◆ **DATASET CONTENT**:
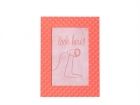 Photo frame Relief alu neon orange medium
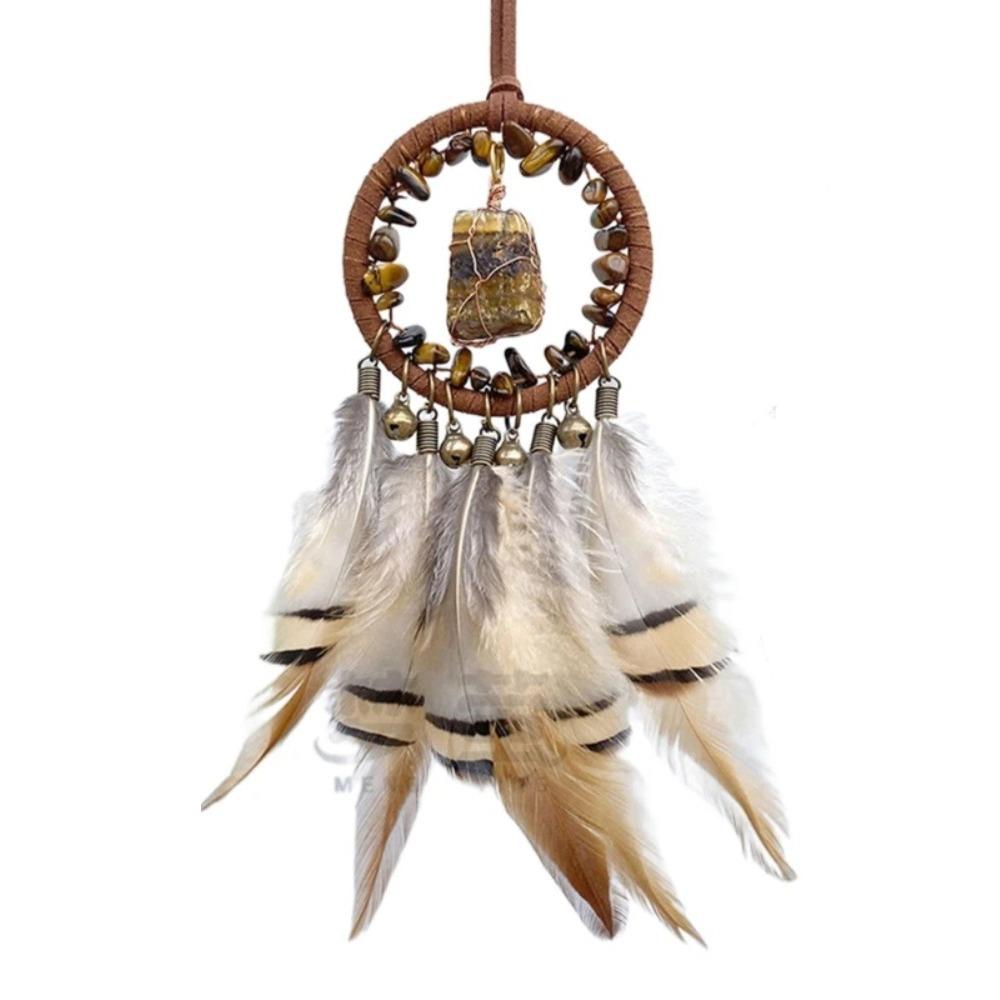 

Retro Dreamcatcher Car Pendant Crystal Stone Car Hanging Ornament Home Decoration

--

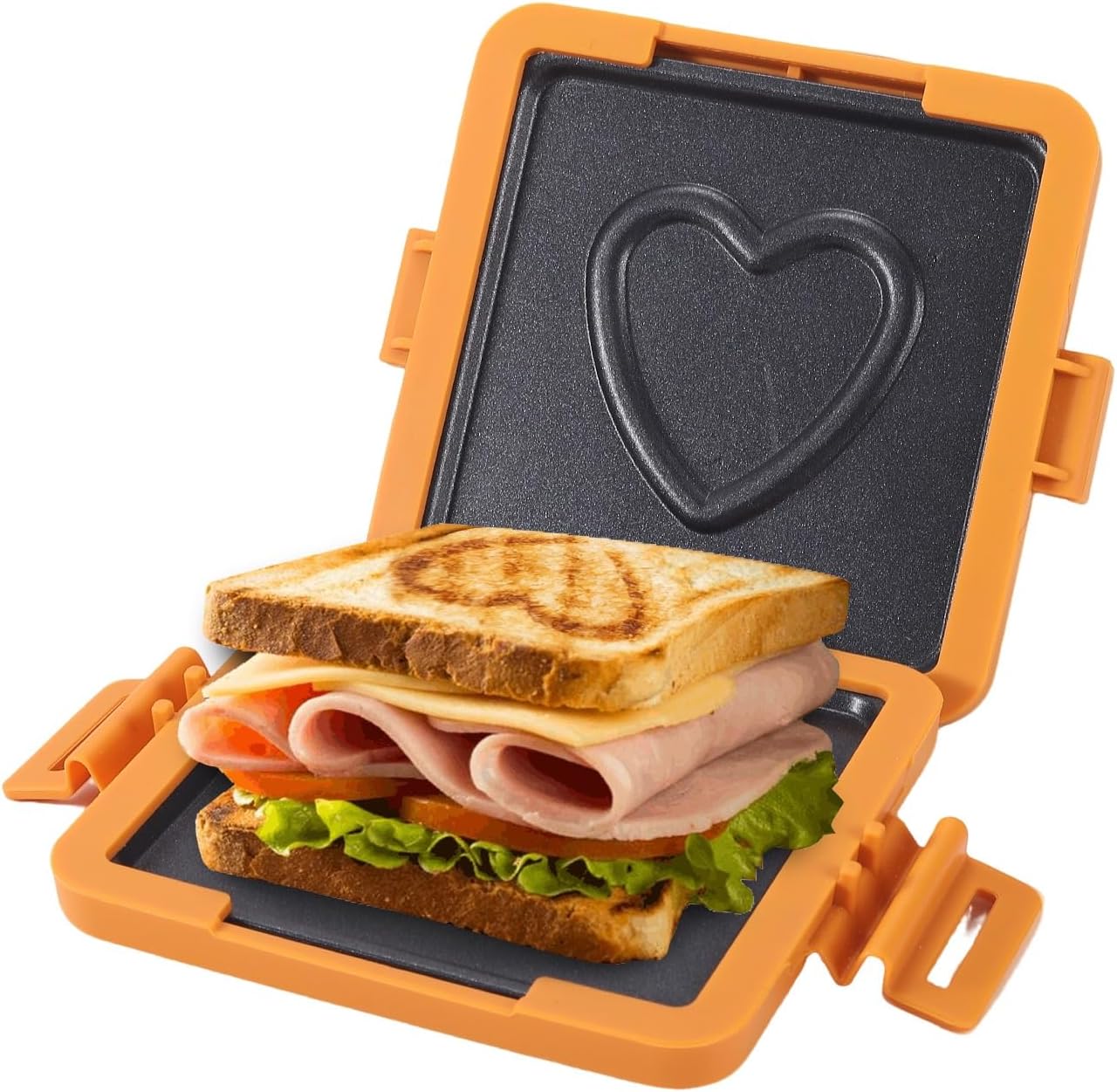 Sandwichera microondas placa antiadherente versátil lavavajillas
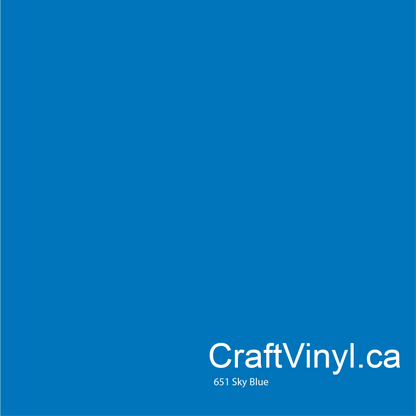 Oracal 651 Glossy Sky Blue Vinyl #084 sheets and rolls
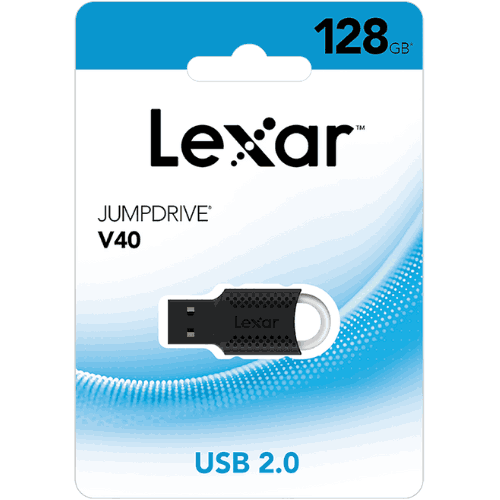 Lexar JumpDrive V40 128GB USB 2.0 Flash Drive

---

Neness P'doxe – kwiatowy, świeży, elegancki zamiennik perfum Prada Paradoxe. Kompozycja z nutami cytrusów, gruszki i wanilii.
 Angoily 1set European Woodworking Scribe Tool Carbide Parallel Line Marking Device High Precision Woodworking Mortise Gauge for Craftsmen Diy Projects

◆ **WHAT IS NEEDED**:
Using the listing above, reproduce word for word every line from the one containing "Photo frame Relief alu neon orange medium" through the one containing "Retro Dreamcatcher Car". Pictures must be left out.

◆ **SOLUTION TO THIS PROBLEM**:
 Photo frame Relief alu neon orange medium

Retro Dreamcatcher Car Pendant Crystal Stone Car Hanging Ornament Home Decoration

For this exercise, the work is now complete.